Avanzatisi per circa venticinque o trenta stadi, videro Gesù camminare sul mare e accostarsi alla barca, ed ebbero paura.
Ma egli disse loro: ‘Sono io, non temete’.
Allora vollero prenderlo nella barca e subito la barca toccò terra, là dove erano diretti.


12.1 Tutte le volte che potevano gli apostoli andavano a vela…

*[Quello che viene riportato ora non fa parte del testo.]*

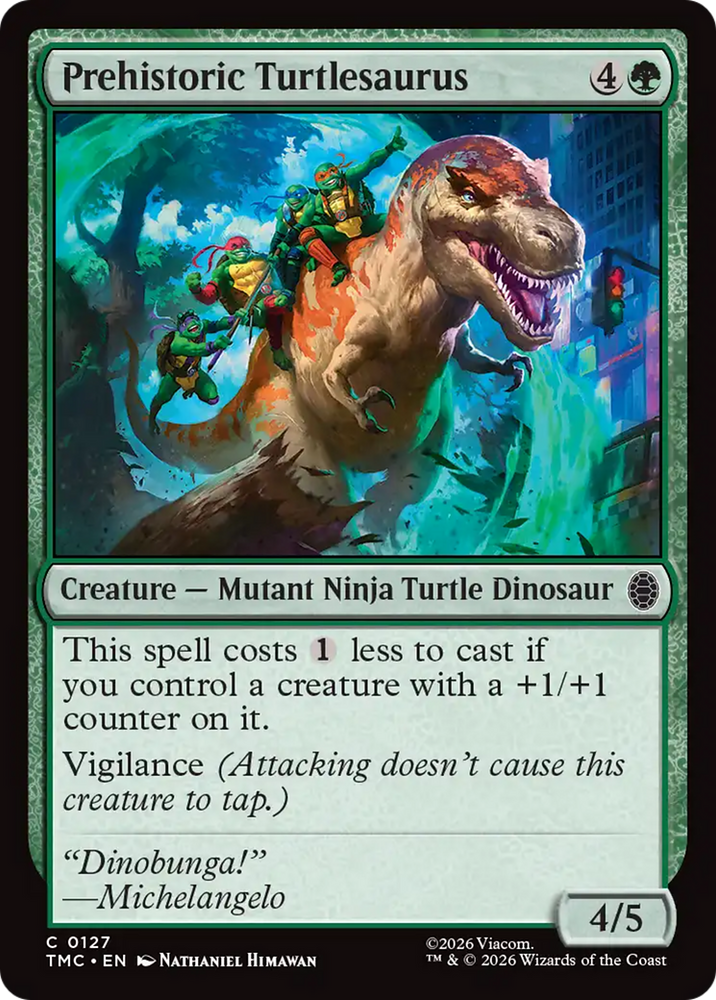 Prehistoric Turtlesaurus [Teenage Mutant Ninja Turtles Commander] Magic: The Gathering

Questo episodio – con rispetto parlando – lo racconta molto meglio Matteo  (Mt 14, 24-33) che, evidentemente, doveva essere in quella barca con gli altri apostoli ma che non ha vergogna a raccontare nei particolari che si erano tutti presi una ‘fifa’ tremenda: prima per il mare agitato che aveva fatto loro temere un naufragio e poi perché si vedono apparire Gesù sul mare in piena notte, fra i flutti spumeggianti ed il vento che fischia, e lo scambiano per un fantasma.
Credo che dovessero aver pensato che fosse l’anima di qualche trapassato venuta a prelevali per portarli nell’aldilà.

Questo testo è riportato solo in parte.